Der Wissenszurechnung durch Wissensvertreter liegt der allgemeine Gedanke zugrunde, dass der Einsatz von Gehilfen, also die „Rollenspaltung“, nicht zum Nachteil Dritter gehen darf und ansonsten der Einsatz eines Gehilfen eine Verschlechterung der vom Gesetzgeber iSe Interessenausgleichs vorgesehenen Rechtsposition Dritter mit sich brächte, weshalb der Geschäftsherr so zu behandeln ist, als wäre er selbst tätig geworden. Dem Geschäftsherrn wird auch das Wissen derjenigen Personen zugerechnet, die er mit der Kenntnisnahme rechtserheblicher Tatsachen betraut hat.

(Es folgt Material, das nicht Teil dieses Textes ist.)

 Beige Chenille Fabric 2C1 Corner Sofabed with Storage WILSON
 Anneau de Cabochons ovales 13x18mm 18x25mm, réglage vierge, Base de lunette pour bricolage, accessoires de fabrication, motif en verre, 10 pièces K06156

Die mit dem Gehilfenbegriff operierende Rsp geht insoweit auf § 1313a ABGB zurück. Deswegen ist für die Klägerinnen daraus nichts zu gewinnen. Denn der Beklagte war - jedenfalls im Innenverhältnis - Gehilfe seiner Auftraggeberin und nicht umgekehrt. Während also allenfalls sein Wissen seiner Auftraggeberin nach dem aus § 1313a ABGB abgeleiteten Grundgedanken zuzurechnen wäre, ist dies umgekehrt nicht der Fall.
Außerhalb sondergesetzlicher Normen ist eine Zurechnung des Handelns (oder Wissens) Dritter nämlich nur im Rahmen der Haftung für Repräsentanten und Besorgungsgehilfen möglich, weil das Gesetz in § 1313 ABGB die Grundregel aufstellt, dass für fremdes Verhalten (oder Wissen) nicht einzustehen ist. Eine solche gesetzliche Sondernorm besteht für die Zurechnung des Wissens des Geschäftsherrn an den Gehilfen aber nicht.
Die Klägerinnen argumentieren, dass den Beklagten - entgegen RIS-Justiz RS0105665; RS0114015 [T11] - die Beweislast dafür träfe, dass er von der Unrichtigkeit der Vorwürfe gegen die Klägerinnen nicht wusste.
Die Beweislastverteilung ist zwar revisibel. Die Frage der Beweislast stellt sich aber dann nicht, wenn das Erstgericht - wie hier - ohnehin positive Feststellungen zu einem Umstand getroffen hat.
Im vorliegenden Fall hat das Erstgericht festgestellt, dass der Beklagte auf die Richtigkeit und Vollständigkeit der Angaben seiner Auftraggeberin vertraute. Es ist daher irrelevant, ob ihn oder die Klägerinnen die Beweislast für diesen Umstand traf.
Abgesehen von den obigen Ausführungen haben die Klägerinnen im Verfahren erster Instanz auch nicht dargetan, dass die Auftraggeberin des Beklagten diesem bewusst falsche Informationen zur Anzeigeerstattung erteilte.